What to produce :: What is needed is an exact copy of the lines in the entries below from the one holding "Sanyuehua Hotel" through the one holding "Solar1688 ทางเข้าเว็บหลัก สมัคร", pictures excluded.

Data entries
########################################

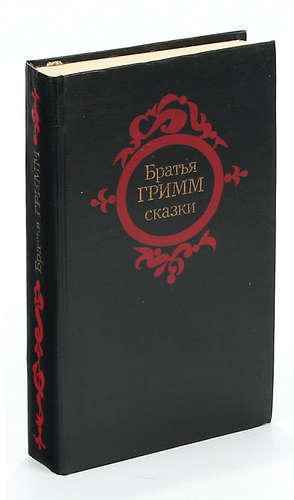 Bratya Grimm Skazki Grimm Ya I V Isbn 978 001357668 0 Kupit Za 6 R Sku7042582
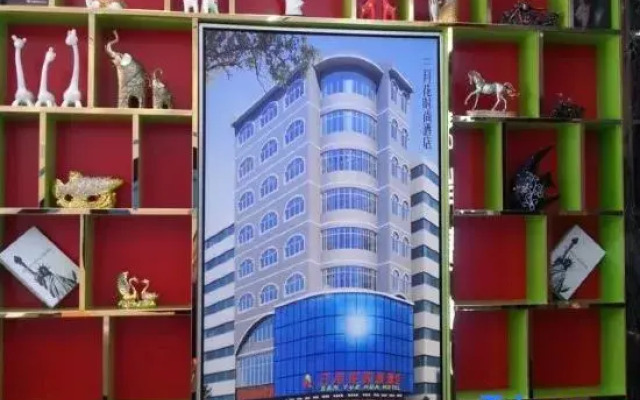 Sanyuehua Hotel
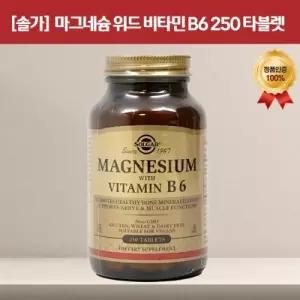 [해외배송] [Solgar] 솔가 마그네슘 위드 비타민 B6, 250 타블렛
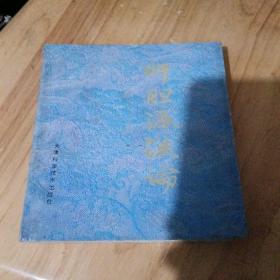 刘渡舟主编杨波,侯钦丰,姜建国,王玲副主编_孔夫子旧书网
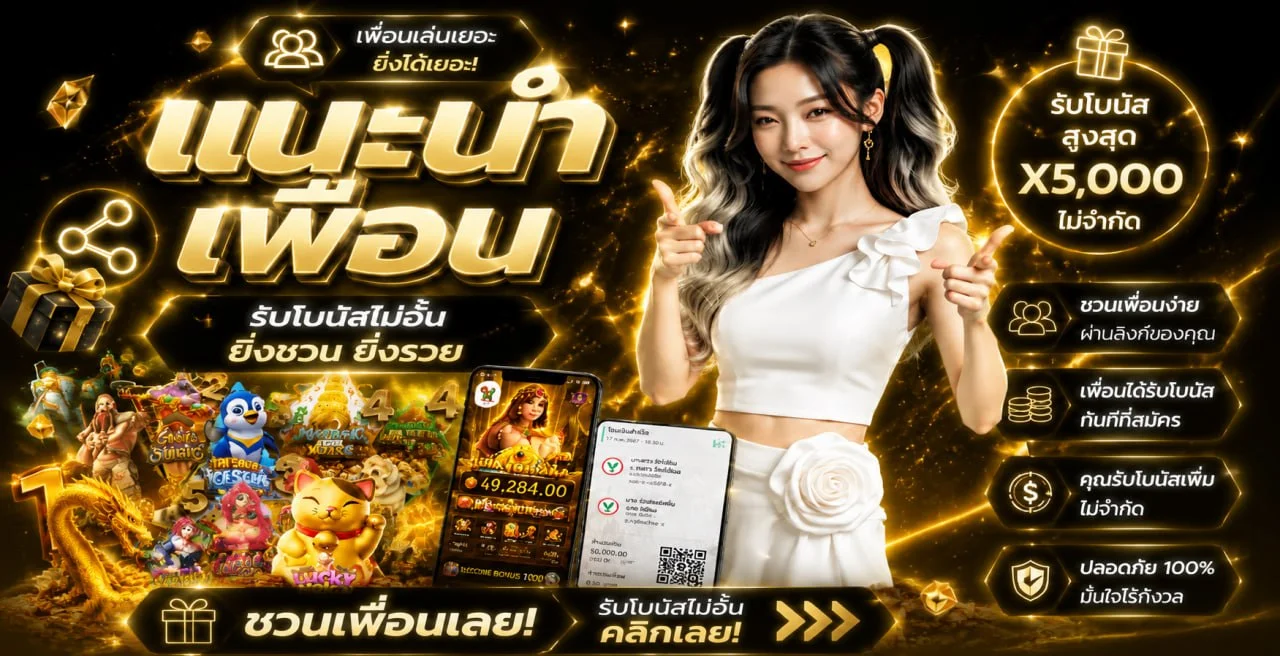 Solar1688 ทางเข้าเว็บหลัก สมัคร สล็อต และคาสิโน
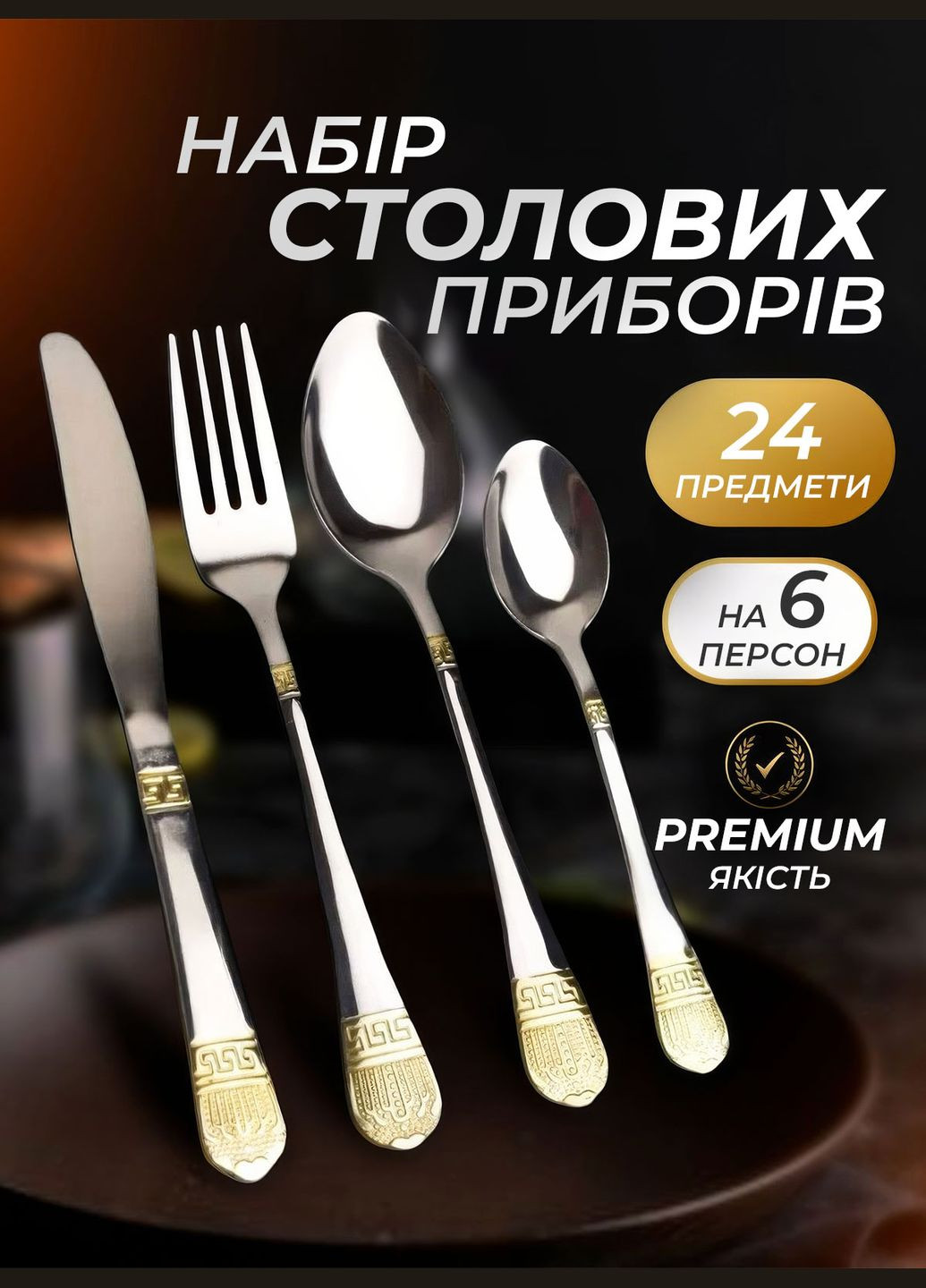 Набор столовых приборов / кухонных предметов из нержавеющей стали на 6 персон с подарочной коробкой 24шт. OnePro (295353217)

########################################

Result ::
 Sanyuehua Hotel
 [해외배송] [Solgar] 솔가 마그네슘 위드 비타민 B6, 250 타블렛
 刘渡舟主编杨波,侯钦丰,姜建国,王玲副主编_孔夫子旧书网
 Solar1688 ทางเข้าเว็บหลัก สมัคร สล็อต และคาสิโน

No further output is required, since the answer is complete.